To find the right answer, ask yourself these questions:
Do you like having complete control?
If your first response is “Yes!” then you’re most probably going to struggle if you have to share the power. The best thing about having complete ownership of your business is that you get to make all the decisions.
However, a partner would offer more perspective on factors that you might not have considered. A closed-minded view is rarely the best approach when planning and executing business strategies. Having another person onboard could help you to look at the bigger picture.
Are you friends with or married/related to your potential partner?
Going into business with someone who’s close to you poses the great risk of ruining a relationship. Perhaps you’ll reach an impasse at some stage and realize that you two (or three) can’t continue together.
Then again, sticking with each through thick and thin can build a strong professional and personal relationship, which means that there’ll always be someone to support you during business hurdles.
Is one of the partners less or more committed?
This can be a problem. If one of the partners is less dedicated to / enthusiastic about the business—or has less time to devote because of another job or even personal issues—then resentment will inevitably arise and a rift will be created.
However, if both of you are working on the side to support the co-owned venture, then having a partner would be a bonus because you could share the responsibilities and time requirements.
Can you do it all? Are there skills you lack?
One of the greatest benefits of having a business partner is that there’s someone who can do the things you can’t. Are you great at developing the product yet don’t know how to sell it to users? Are you good at managing a team but can’t wrap your head around company finances? This is where someone else with a different skill set can step in.
Of course, these benefits wouldn’t apply if your partner was exactly the same as you.

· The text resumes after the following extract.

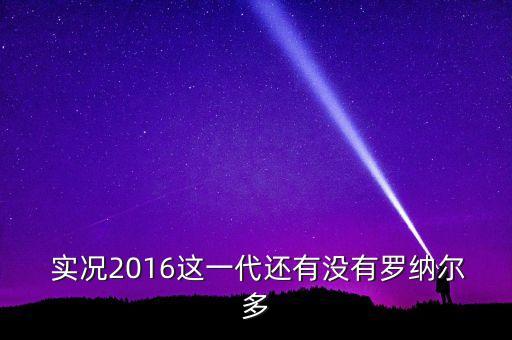  實(shí)況2016這一代還有沒有羅納爾多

That’s why it’s best to find someone who’s got experience and/or skills that you don’t. That way, you both can bring something to the table.
Do you need a partner or do you need some help?
Don’t be so eager to give away ownership. You can always hire someone you trust to take over some of your responsibilities. If you can’t afford to do that or simply want to reward someone for contributing to your business, Tim Berry offers some sound advice:
“…if you can’t afford to pay her now, write up a bonus or a percent of sales that you’ll give later if you make the sales. Everybody wins. And you own your whole company. You don’t give away a piece of it in gratitude for somebody who won’t be a permanent part of it… ownership should be reserved for people who are going to actively contribute either money or long-term help.”
Are you okay with sharing the rewards?
If you don’t have a partner and your business becomes a success, then you alone reap all the benefits including profits. Yet at the same time, the volatile nature of the business world means that having a partner could reduce any financial risks, problems and other stress that you’ll come across.
So after reading the above, do you still think you need a business partner? If you do start a partnership, remember that ultimately, the keys to a successful working relationship are trust, honesty and collaboration.